> [TASK REQUIREMENTS]: Return, word for word, the lines of the listing below from the one with "SILMAGA NAASKEL SAFETY" through the one with "Aukcja sprzedaży 2016", and no other lines.

> [DATASET]:
● ● ● ● ●

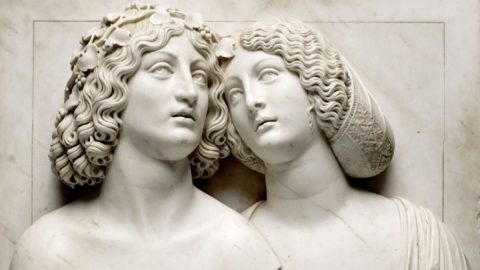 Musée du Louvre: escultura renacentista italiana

● ● ● ● ●

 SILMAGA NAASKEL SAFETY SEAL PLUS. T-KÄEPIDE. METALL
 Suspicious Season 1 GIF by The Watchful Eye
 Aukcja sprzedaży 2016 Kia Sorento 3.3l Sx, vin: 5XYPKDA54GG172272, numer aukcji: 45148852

● ● ● ● ●

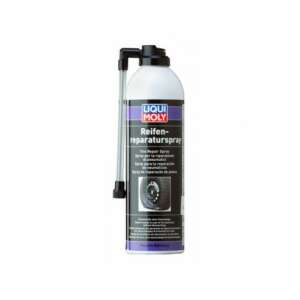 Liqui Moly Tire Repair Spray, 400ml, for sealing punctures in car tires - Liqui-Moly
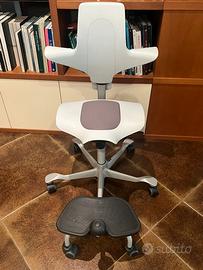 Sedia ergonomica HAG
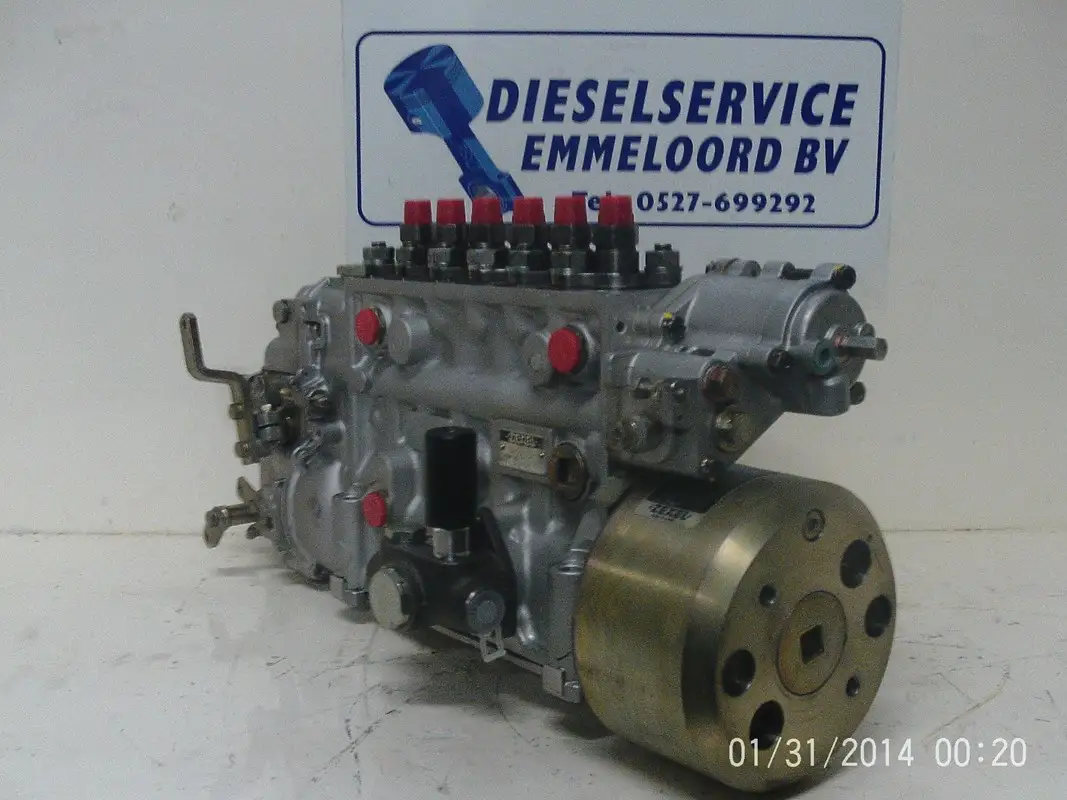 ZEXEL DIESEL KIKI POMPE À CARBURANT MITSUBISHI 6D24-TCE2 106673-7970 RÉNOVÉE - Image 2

● ● ● ● ●

> [EXERCISE RESULT]:
 SILMAGA NAASKEL SAFETY SEAL PLUS. T-KÄEPIDE. METALL
 Suspicious Season 1 GIF by The Watchful Eye
 Aukcja sprzedaży 2016 Kia Sorento 3.3l Sx, vin: 5XYPKDA54GG172272, numer aukcji: 45148852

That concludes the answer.